- DVD cover
- Directed by: Joe O'Byrne
- Written by: Joe O'Byrne
- Produced by: John S. Lyons Liam O'Neill
- Starring: Brenda Fricker Alfred Molina Mike Myers
- Cinematography: Paul Sarossy
- Edited by: Marie-Thérèse Boiché
- Music by: Richard Hartley
- Distributed by: KC Medien
- Release date: 1998;
- Running time: 104 minutes
- Country: Ireland
- Language: English

= Pete's Meteor =

Pete's Meteor is an Irish 1998 drama film. It was written and directed by Joe O'Byrne and stars Mike Myers.

Mike Myers plays a drug dealer living in the slums of Dublin. He tries to financially provide for the three children of his dead brother. The children's lives are forever changed when a meteor crashes into their backyard. Alfred Molina plays a wealthy scientist that the children must confront to retrieve their heaven-sent gift.

==Production and Release==

The Irish Film Board gave the filmmakers almost IR£300,000 for the production.

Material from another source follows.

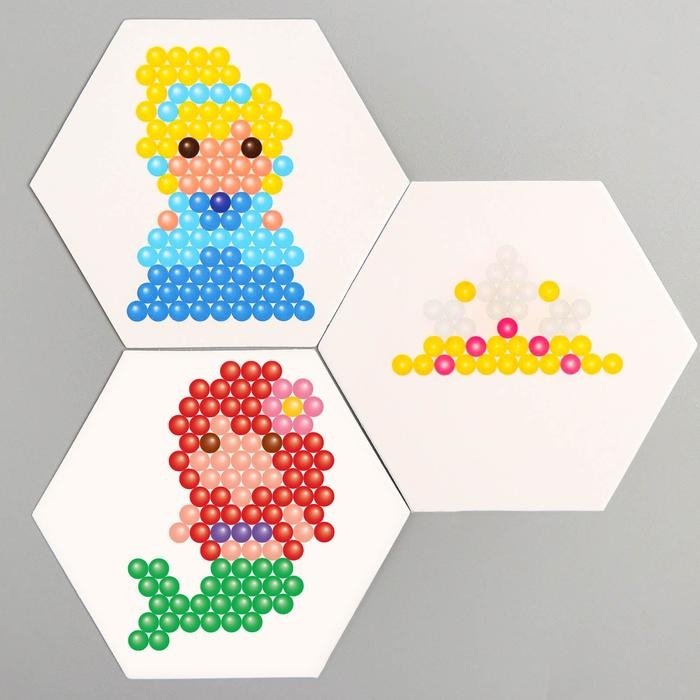 Аквамозаика «Принцессы: Ариэль и Золушка», 3 фигурки, 300 шариков Аквамозаика «Принцессы: Ариэль и Золушка», 3 фигурки, 300 шариков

It won the Crystal Bear Special Mention award for Best Feature Film at the 1999 Berlin International Film Festival. Despite this, the film failed to find a distributor, and was released direct-to-video in the United States in December 2002.

In a 2002 profile of Myers in The Independent, the film was said to have "proved meteoric in the way it vanished from view".

==Reception==
Christopher Null of Contactmusic.com awarded the film two stars out of five and wrote, “The story doesn't help matters, and sheer insanity is not much of a substitute for actual character development.”

Nathan Rabin of The Dissolve gave the film a negative review and wrote, “It doesn’t help that the child actors deliver performances so terrible, they may actually persuade audiences to root against a trio of hard-luck orphans.” Rabin also added, “I recommend Pete’s Meteor to bad-movie aficionados.”